Exercise requirements:
Type the entries out once more. Match them exactly.

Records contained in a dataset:
*** Block opens ***
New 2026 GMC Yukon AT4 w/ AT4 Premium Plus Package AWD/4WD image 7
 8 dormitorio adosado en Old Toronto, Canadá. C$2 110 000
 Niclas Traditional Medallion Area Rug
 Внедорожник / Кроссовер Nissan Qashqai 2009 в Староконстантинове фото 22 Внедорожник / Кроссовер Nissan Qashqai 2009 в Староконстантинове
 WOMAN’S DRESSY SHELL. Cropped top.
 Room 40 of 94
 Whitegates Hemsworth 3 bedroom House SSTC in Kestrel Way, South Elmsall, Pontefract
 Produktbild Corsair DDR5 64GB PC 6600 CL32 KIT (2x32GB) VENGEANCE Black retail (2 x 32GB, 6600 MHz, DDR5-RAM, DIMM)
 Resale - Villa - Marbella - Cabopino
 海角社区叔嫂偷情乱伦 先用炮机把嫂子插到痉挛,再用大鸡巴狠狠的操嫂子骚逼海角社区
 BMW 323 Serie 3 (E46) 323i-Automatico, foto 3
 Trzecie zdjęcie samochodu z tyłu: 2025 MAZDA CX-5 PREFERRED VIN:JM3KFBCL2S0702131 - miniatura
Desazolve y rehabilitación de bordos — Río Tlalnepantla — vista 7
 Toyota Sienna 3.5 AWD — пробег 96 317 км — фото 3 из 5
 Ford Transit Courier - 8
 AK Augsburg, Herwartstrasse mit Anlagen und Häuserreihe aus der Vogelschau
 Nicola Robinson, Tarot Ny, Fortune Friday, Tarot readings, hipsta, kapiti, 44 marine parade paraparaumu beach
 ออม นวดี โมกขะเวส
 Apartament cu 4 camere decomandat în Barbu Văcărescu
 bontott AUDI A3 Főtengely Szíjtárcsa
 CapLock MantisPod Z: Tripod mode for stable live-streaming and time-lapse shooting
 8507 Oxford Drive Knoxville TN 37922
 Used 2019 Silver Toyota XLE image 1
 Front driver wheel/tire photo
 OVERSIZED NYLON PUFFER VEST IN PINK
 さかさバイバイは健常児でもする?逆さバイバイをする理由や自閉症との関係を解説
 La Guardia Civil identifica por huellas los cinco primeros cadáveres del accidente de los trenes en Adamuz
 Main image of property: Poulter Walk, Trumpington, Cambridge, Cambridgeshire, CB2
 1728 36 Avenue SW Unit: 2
*** Block closes ***
Task answer:
New 2026 GMC Yukon AT4 w/ AT4 Premium Plus Package AWD/4WD image 7
 8 dormitorio adosado en Old Toronto, Canadá. C$2 110 000
 Niclas Traditional Medallion Area Rug
 Внедорожник / Кроссовер Nissan Qashqai 2009 в Староконстантинове фото 22 Внедорожник / Кроссовер Nissan Qashqai 2009 в Староконстантинове
 WOMAN’S DRESSY SHELL. Cropped top.
 Room 40 of 94
 Whitegates Hemsworth 3 bedroom House SSTC in Kestrel Way, South Elmsall, Pontefract
 Produktbild Corsair DDR5 64GB PC 6600 CL32 KIT (2x32GB) VENGEANCE Black retail (2 x 32GB, 6600 MHz, DDR5-RAM, DIMM)
 Resale - Villa - Marbella - Cabopino
 海角社区叔嫂偷情乱伦 先用炮机把嫂子插到痉挛,再用大鸡巴狠狠的操嫂子骚逼海角社区
 BMW 323 Serie 3 (E46) 323i-Automatico, foto 3
 Trzecie zdjęcie samochodu z tyłu: 2025 MAZDA CX-5 PREFERRED VIN:JM3KFBCL2S0702131 - miniatura
Desazolve y rehabilitación de bordos — Río Tlalnepantla — vista 7
 Toyota Sienna 3.5 AWD — пробег 96 317 км — фото 3 из 5
 Ford Transit Courier - 8
 AK Augsburg, Herwartstrasse mit Anlagen und Häuserreihe aus der Vogelschau
 Nicola Robinson, Tarot Ny, Fortune Friday, Tarot readings, hipsta, kapiti, 44 marine parade paraparaumu beach
 ออม นวดี โมกขะเวส
 Apartament cu 4 camere decomandat în Barbu Văcărescu
 bontott AUDI A3 Főtengely Szíjtárcsa
 CapLock MantisPod Z: Tripod mode for stable live-streaming and time-lapse shooting
 8507 Oxford Drive Knoxville TN 37922
 Used 2019 Silver Toyota XLE image 1
 Front driver wheel/tire photo
 OVERSIZED NYLON PUFFER VEST IN PINK
 さかさバイバイは健常児でもする?逆さバイバイをする理由や自閉症との関係を解説
 La Guardia Civil identifica por huellas los cinco primeros cadáveres del accidente de los trenes en Adamuz
 Main image of property: Poulter Walk, Trumpington, Cambridge, Cambridgeshire, CB2
 1728 36 Avenue SW Unit: 2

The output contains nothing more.